Remote Site Reliability Engineer – Canada & Americas | Engineering Opportunities
Tyk Technologies
London, United Kingdom Full-time posted 2 days ago in I.T. & Communications-
Job ID 2766684
Job Description
Join Tyk – a pioneering force in the API Management landscape, transforming the way organizations connect their systems and services. From retail to finance, telecoms to healthcare, Tyk is the backbone of innovative digital solutions that power our connected world. If you’ve ever banked online, used a mobile app, or driven a smart car, you’ve experienced the power of APIs—thanks to Tyk. Since our inception in 2015, we’ve expanded globally, with offices in London (UK), London (Ontario), Atlanta, and Singapore, and proudly service a diverse clientele including renowned brands like Lotte, Bell, T-Mobile, RBS, Capital One, and Vinci. Our mission is straightforward yet ambitious: to connect every system in the world through our advanced API Management platform.

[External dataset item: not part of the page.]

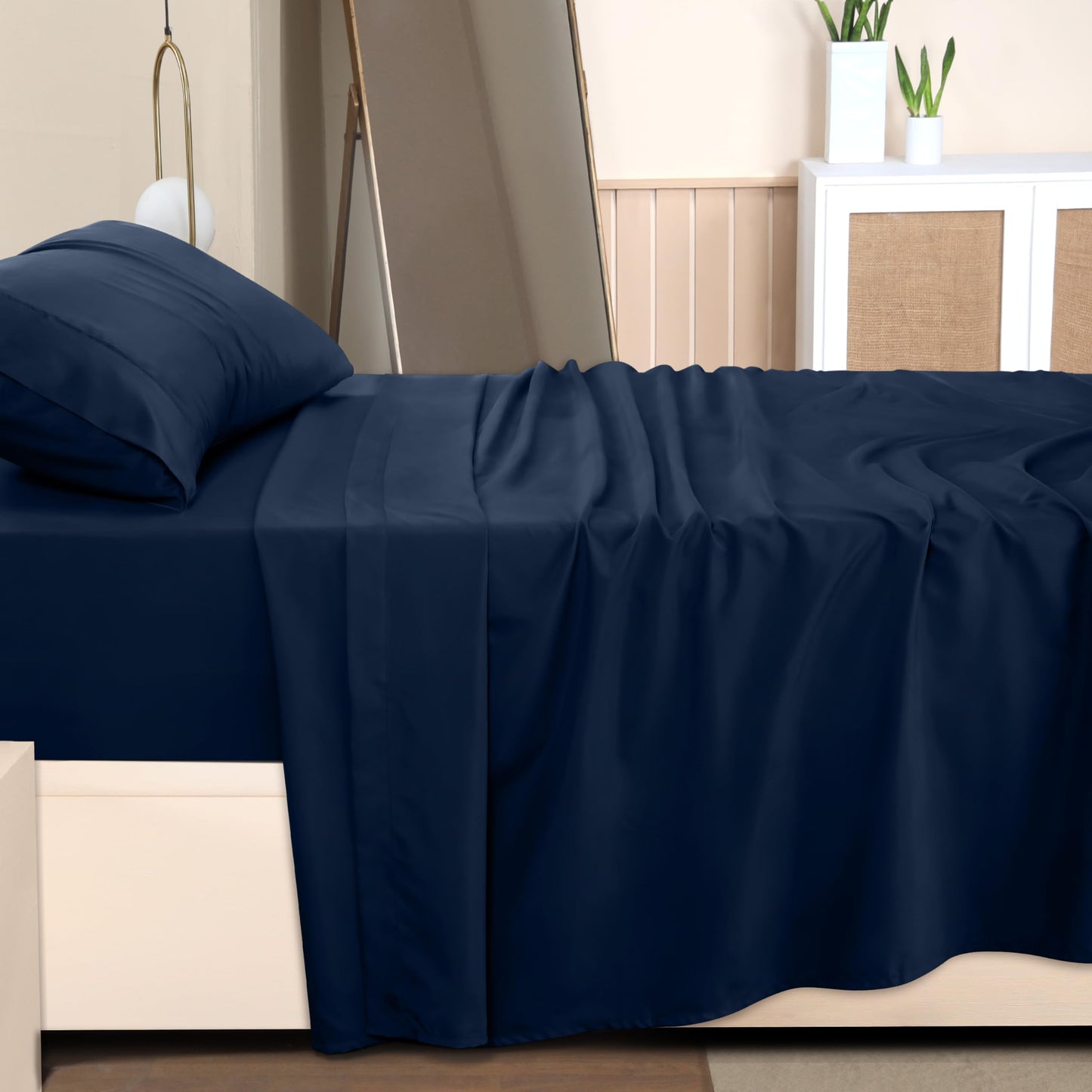 Utopia Bedding Queen Bed Sheets Set - 4 Piece Bedding - Brushed Microfiber - Shrinkage and Fade Resistant - Easy Care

As a site reliability engineer, you will play a pivotal role in managing and enhancing our platform’s reliability and performance. We are in search of a naturally curious individual who constantly seeks to innovate and improve our systems. You will be the first line of incident management, guiding our clients through challenges and helping shape our incident response strategy. This position offers you a unique chance to become an essential contributor to Tyk as we steer towards new horizons.
At Tyk, we believe in total flexibility and radical responsibility, embracing a remote-first work culture that supports work-life balance and personal productivity. Join a distributed team of industry experts from around the globe and help us elevate not just Tyk’s Cloud platform, but the entire company as we continue to evolve.
Key Responsibilities:
- Manage and maintain the global Tyk Cloud, ensuring adherence to service level agreements (SL(A/I/O)s).

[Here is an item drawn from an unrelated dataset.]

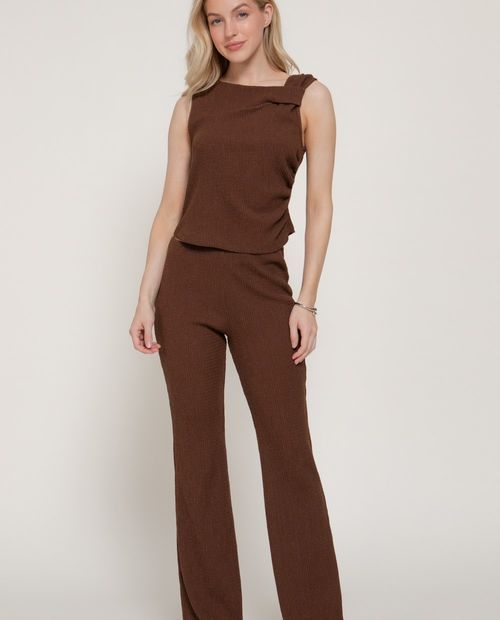 Set blusa asimétrica y pantalón flare para mujer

- Proactively identify reliability issues and collaborate with your squad to devise solutions.
- Introduce innovative metrics and develop insightful dashboards for platform analytics.
- Participate in on-call rotations and incident management to address client needs.
- Collaborate with your squad to enhance the platform’s reach across multi-region and multi-cloud environments.
- Document operational processes and knowledge for team reference.
- Conduct detailed post-incident analyses to foster continuous improvement.
- Automate repetitive tasks to streamline operations and support.
- Champion our ongoing improvement agenda by refining user stories and enhancing communication with teams and customers.
- Ensure the reliability of our new global Tyk Cloud platform and drive operational efficiency without compromising service quality.
- Support penetration testing initiatives through vendor collaboration, technical details, and environment setups.
Desired Experience:
- Strong teamwork and collaboration skills.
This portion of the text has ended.